◆ Requirement
In your copy, each record should read exactly as it does below, and no pictures should be present.

Brief descriptive captions:
◇ ◇ ◇ ◇ ◇ ◇ ◇

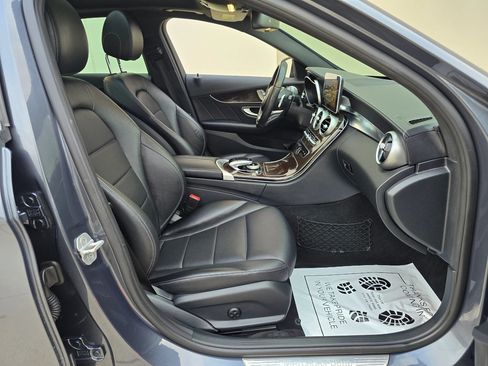 Used 2015 Mercedes-Benz C 300 Sedan image 28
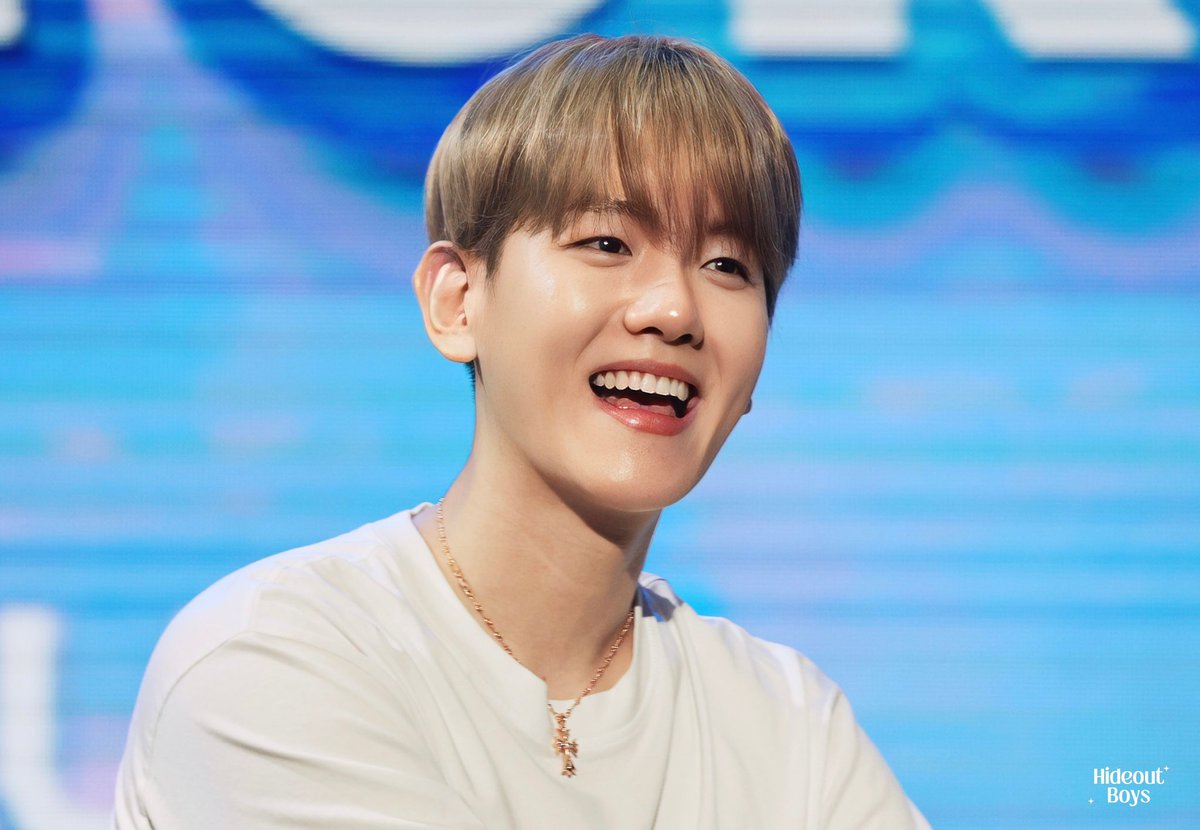 bhxxdog's tweet photo. 사랑하는 백현시💛 https://t.co/QaFYgGYF89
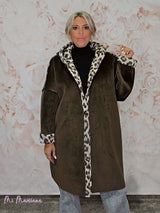 ABRIGO BORDADO NEOPRENO TERCIOPELO ANIMAL PRINT - Mi Marciana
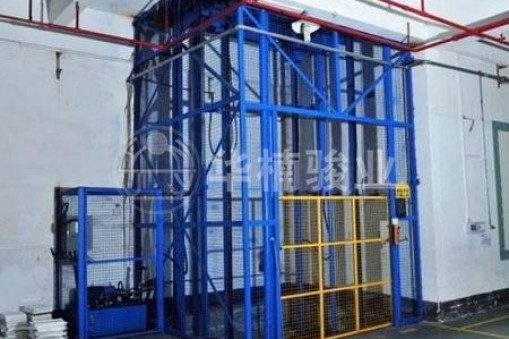 操作人員使用升降機平臺時注意事項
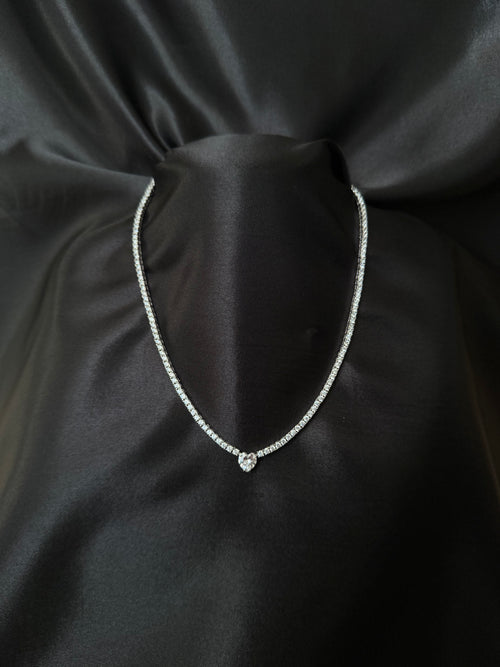 Amora Necklace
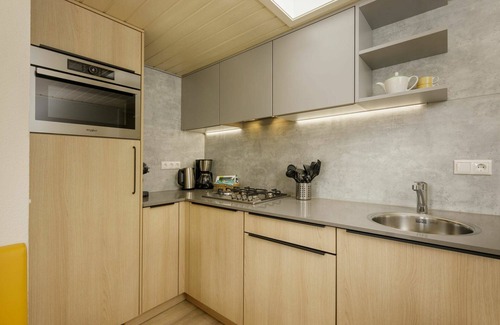 Zeewolde House | Wonderful villa for 4 people with WIFI, hot tub, pool, TV, terrace and parking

◇ ◇ ◇ ◇ ◇ ◇ ◇

◆ Worked solution
 Used 2015 Mercedes-Benz C 300 Sedan image 28
 bhxxdog's tweet photo. 사랑하는 백현시💛 https://t.co/QaFYgGYF89
 ABRIGO BORDADO NEOPRENO TERCIOPELO ANIMAL PRINT - Mi Marciana
 操作人員使用升降機平臺時注意事項
 Amora Necklace
 Zeewolde House | Wonderful villa for 4 people with WIFI, hot tub, pool, TV, terrace and parking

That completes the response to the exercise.